May 26, 2009

“One should ask, what do guns have to do with credit cards?”

On Tuesday, the House of Representatives gave final approval to a dangerous, non-germane amendment that was attached to the "Credit Cardholders’ Bill of Rights Act of 2009" by Senator Tom Coburn (R-OK). The amendment, drafted by the National Rifle Association (NRA), would allow individuals to carry loaded semiautomatic handguns, assault rifles and shotguns into America’s National Parks as long as the firearm is in compliance with state law. The House approved the amendment by a vote of 279-147 (with 105 Democrats voting for it). The amendment had previously passed in the Senate by a vote of 67-29 (with 27 Democrats voting for it).
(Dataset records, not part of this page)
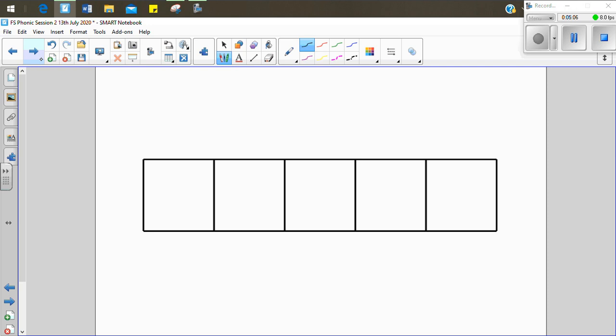Let's now write the word fresh. F-r-e-sh. Fresh. Now you have a go. F-r-e-sh. Fresh. Let's write it together. F-r-e-sh. Fresh. I had some fresh strawberries from the shop.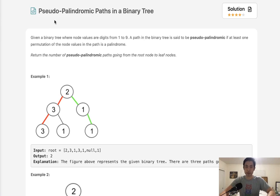Welcome to December's LeetCode Challenge. Today's problem is pseudopalindromic paths in a binary tree.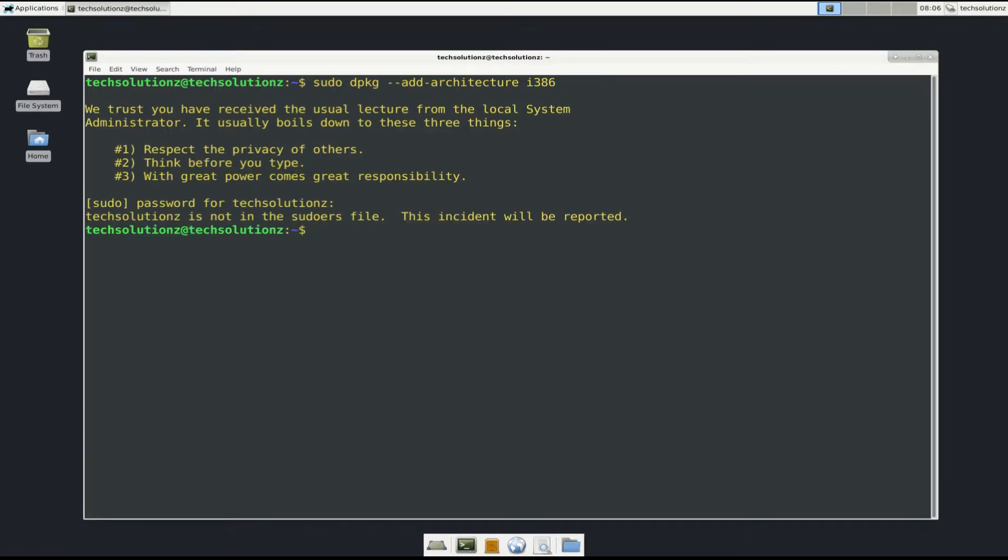You can see that terminal returned with the user Tech Solutions is not in the sudoers file. Let's add our user to sudoers on Debian 10.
The Coburn Amendment would override a regulation that was enacted by the Reagan Administration that requires visitors to keep guns stored and unloaded when traveling through National Park lands. It has been opposed by every living and former director of the National Park Service, ranger organizations, retired superintendents, and environmental groups. In a joint statement issued by the National Parks Conservation Association (NPCA), the Coalition of National Park Service Retirees, the Association of National Park Rangers, and the U.S. Park Rangers Lodge of the Fraternal Order of Police, NPCA Executive Vice President Theresa Pierno said of Congress and President Barack Obama: “By not taking a stand to prevent this change, they have sacrificed public safety and national park resources in favor of the political agenda of the National Rifle Association.” The amendment would create an enforcement nightmare for park rangers attempting to enforce gun laws in National Parks that straddle several different states.

Senator Coburn’s amendment is even more extreme than a last-minute rule issued by the Bush Administration that would have allowed individuals to carry concealed handguns in National Parks. The Bush administration moved forward with the rule despite the fact that 73% of the 140,000 people who voiced their opinions during a public comment period opposed it. In March of this year, the United States District Court issued an injunction against the implementation of the Bush rule. Judge Colleen Kollar-Ketally found that the Bush administration’s rulemaking process was “astoundingly flawed” because they “abdicated their [National Environmental Policy Act] obligations” and “ignored substantial information in the administrative record concerning environmental impacts.” Senator Coburn has also purposely avoided the environmental review process set up to protect the Parks.

Senator Coburn says his amendment “is about protecting every American’s Second Amendment rights” and he claims, “Whether it is meth labs hidden amid lush forests or car prowls at trailheads, park rangers and forest officers are seeing an increasing amount of criminal behavior.”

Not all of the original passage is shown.